D'un autre côté, aucun directeur intelligent n'ignore qu'il ne devrait pas s'attendre à recevoir la pleine et entière mesure de l'effort de ses travailleurs, à moins que n'ait été consenti à ceux-ci un avantage particulier par rapport à leur traitement habituel.

Ces mesures incitatives peuvent prendre différentes formes: la promesse d'une promotion rapide; des gages plus élevés, des prix généreux pour le travail à la pièce, des primes de rendement ou un bonus quelconque pour un travail de qualité effectué rapidement; des heures de travail écourtées; des meilleures conditions de travail, etc. Il est essentiel que la direction accompagne ces avantages d'une reconnaissance, de considération et d'un contact amical envers le travailleur, qui procèdent du souci réel du bien-être du travailleur. C'est uniquement en leur offrant une incitation particulière de cette nature qu'un employeur peut espérer obtenir l'entière initiative de ses travailleurs. Dans les entreprises ordinaires, la nécessité d'offrir aux travailleurs une incitation particulière est si universellement acceptée et reconnue, que bon nombre de ceux qu'intéressent les nouvelles pratiques de rémunération des travailleurs (paiement à la pièce, prime au rendement, bonus, etc.), les considèrent comme un système de gestion en soi. Dans un système où les entreprises sont dirigées scientifiquement, le mode de rémunération adopté n'est qu'un élément subordonné.

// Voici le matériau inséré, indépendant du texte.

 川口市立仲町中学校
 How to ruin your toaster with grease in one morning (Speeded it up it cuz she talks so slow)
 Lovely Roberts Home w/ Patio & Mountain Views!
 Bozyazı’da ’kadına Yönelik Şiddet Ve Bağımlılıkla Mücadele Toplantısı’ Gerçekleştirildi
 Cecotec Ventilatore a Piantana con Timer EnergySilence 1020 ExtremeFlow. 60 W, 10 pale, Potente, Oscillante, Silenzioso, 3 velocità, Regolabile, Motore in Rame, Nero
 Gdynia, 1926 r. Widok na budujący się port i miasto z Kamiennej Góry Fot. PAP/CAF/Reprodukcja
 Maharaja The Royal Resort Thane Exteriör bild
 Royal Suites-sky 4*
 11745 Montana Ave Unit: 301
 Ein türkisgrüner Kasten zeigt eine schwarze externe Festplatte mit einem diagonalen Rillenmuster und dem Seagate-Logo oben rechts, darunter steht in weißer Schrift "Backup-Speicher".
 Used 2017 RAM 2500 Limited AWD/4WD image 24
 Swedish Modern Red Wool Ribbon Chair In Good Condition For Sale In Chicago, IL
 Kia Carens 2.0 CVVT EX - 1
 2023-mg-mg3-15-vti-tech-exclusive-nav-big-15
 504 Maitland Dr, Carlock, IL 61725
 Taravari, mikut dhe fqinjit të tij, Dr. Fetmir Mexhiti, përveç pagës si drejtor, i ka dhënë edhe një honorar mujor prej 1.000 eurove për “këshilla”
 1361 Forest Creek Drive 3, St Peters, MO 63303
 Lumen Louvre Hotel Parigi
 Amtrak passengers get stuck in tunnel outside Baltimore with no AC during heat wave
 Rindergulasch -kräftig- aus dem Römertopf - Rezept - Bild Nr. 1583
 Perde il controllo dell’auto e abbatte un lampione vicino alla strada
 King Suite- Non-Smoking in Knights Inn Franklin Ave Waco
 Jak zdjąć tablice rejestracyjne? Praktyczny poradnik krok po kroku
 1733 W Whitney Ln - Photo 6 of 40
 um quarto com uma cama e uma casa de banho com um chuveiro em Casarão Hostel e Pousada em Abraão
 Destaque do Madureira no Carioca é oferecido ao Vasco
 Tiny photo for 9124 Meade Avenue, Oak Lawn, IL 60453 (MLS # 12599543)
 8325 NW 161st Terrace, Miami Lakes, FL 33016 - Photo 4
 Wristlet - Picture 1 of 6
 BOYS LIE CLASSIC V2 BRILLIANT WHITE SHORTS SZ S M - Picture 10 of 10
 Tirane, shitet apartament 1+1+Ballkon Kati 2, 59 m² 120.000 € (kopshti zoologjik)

Par conséquent, on peut définir le meilleur type de direction des entreprises comme celui au sein duquel les employés offrent le plus haut degré d'initiative personnelle et reçoivent en retour des avantages particuliers de leur employeurs. On reférera à ce type d'organisation en tant que système basé sur "l'initiative et l'incitation" par opposition au système d'organisation scientifique, avec lequel nous allons être amenés à le comparer. L'auteur espère que le système basé sur l"'initiative et l'incitation" sera reconnu comme étant le meilleur système actuellement en usage, et il n'ignore pas, en fait, qu'il sera difficile de convaincre l'administrateur typique qui croit généralement qu'il n'existe aucun autre système applicable dans son secteur d'activité. La tâche qui lui incombe dès lors est de prouver, hors de tout doute, qu'il existe une autre approche non seulement supérieure, mais infiniment plus productive que celle qui repose sur "l'initiative et l'incitation".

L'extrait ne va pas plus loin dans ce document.